His voice rises excitedly as he remembers when he finally saw his son. “I’m so happy. When he see me, he didn’t come to hug me. He run to the snow, lie down, for like 15 minutes. I feel so happy.”

It could almost have been a bittersweet scene from one of his movies.

“Then I feel so happy, even now. I’m so proud of myself at that time. Because he missed school seven days, what the hell. But maybe after, I think he comes these seven days. All my life, I might not have a holiday with him to go to the snow mountain again. Maybe he’s not interested in snow anymore. In that moment, that second, oh, I get so many pictures. I feel like a father.”
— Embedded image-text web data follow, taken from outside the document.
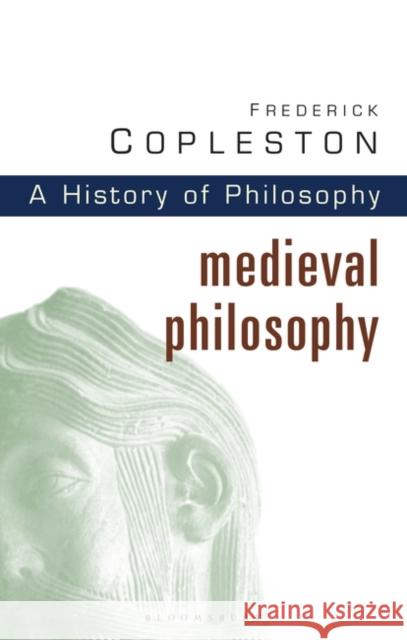 History of Philosophy Volume 2: Medieval Philosophy Frederick Copleston 9780826468963  - książka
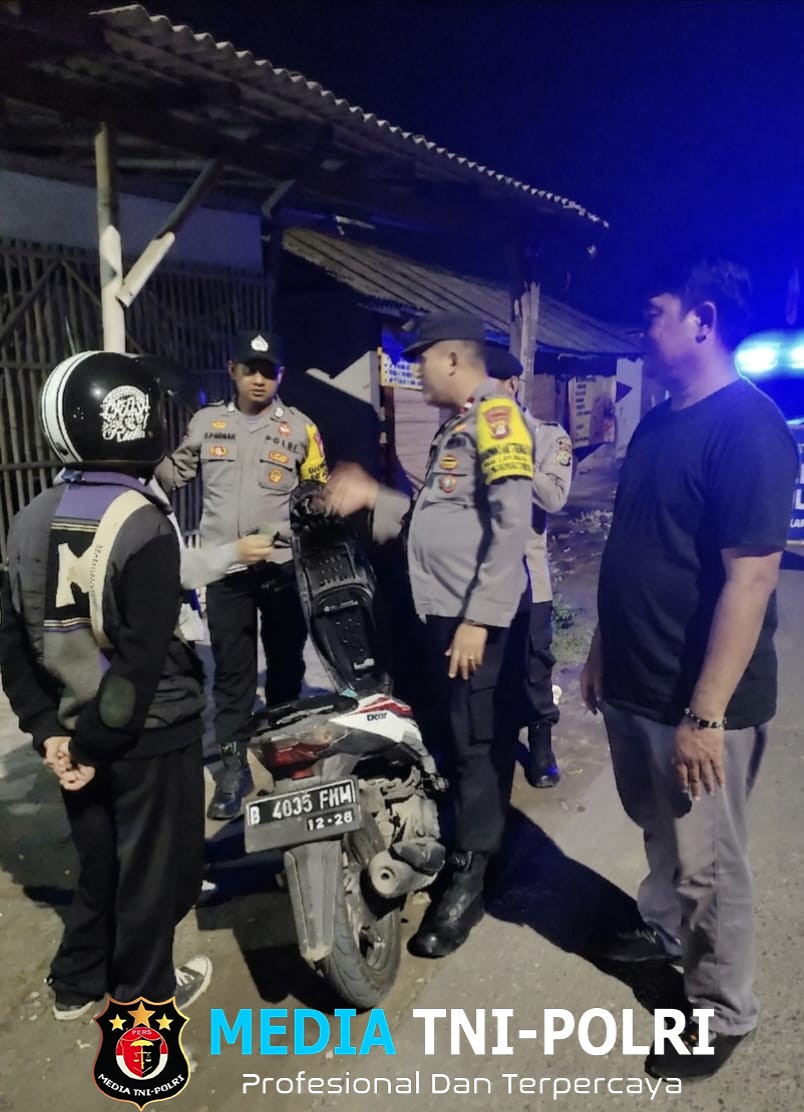 Jaga Jakarta Jaga Bekasi, Polsek Cikarang Timur Amankan Dua Motor Tanpa STNK dalam OKJ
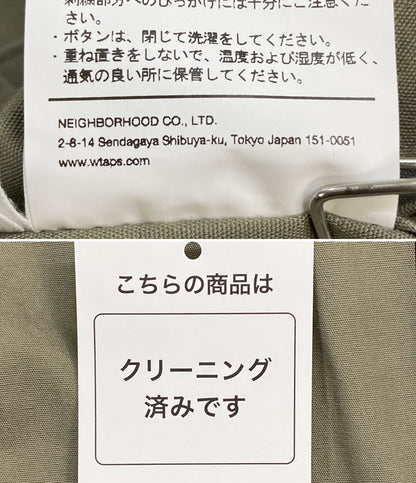 WTAPS 長袖シャツ 22AW カーキ メンズ SIZE 3 ダブルタップス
With the success of “Rush Hour, ” Chan may be able to be closer to his family and work on a sequel. He is determined, however, to fly back to Australia and talk to his own father. The second chapter of his book reveals half-brothers and half-sisters Chan didn’t know he had until he was an adult. The brief explanation his parents gave was that they had to leave families behind when the Japanese invaded China.

About a month ago, a new twist emerged to the family saga. “There’s some rumor from China, my name is not Chan, ” he says. “It’s strange. Then I (went) back to Australia; I want to ask my father, I say, father, is my original name called Fong?’ My father looked at me. Don’t ask. I hope I have time to (tell) to you the long story, before I die. I don’t want you, after I die, don’t know nothing.'”

So his surname, the one stable link in his life, might not even be his. He intends to sit down with his father to record the entire story and find out about his past.

He did have some hesitations at first. “I ask myself, should I ask, should I don’t ask? Is he my real father, or do I have another father?’ Then after, I say, no, I have to know my story. I have to find out who am I, but I don’t mind.’ I say, you are my father. I just want to know my family.’ Maybe there’s a second biography.”

Ultimately, the name doesn’t matter for the man who has reinvented his identity throughout his life. The world will always know him as Jackie Chan.


Jackie Chan on attitude adjustments, from “I Am Jackie Chan”:

I’ve done a lot of talk shows in America since (“Battle Creek Brawl”). My English is a lot better now, but the most important thing has been the adjustment in my attitude. I know who I am; I’m Jackie Chan. I may not have perfect English, but tell me, how many talk show hosts can speak Chinese? Can Jay Leno? David Letterman? I can guarantee that I know more of their language than they know of mine!

There are billions of people in China, and millions of Chinese people around the world. Someday, everyone will have to learn Mandarin, just like most people have to learn English today.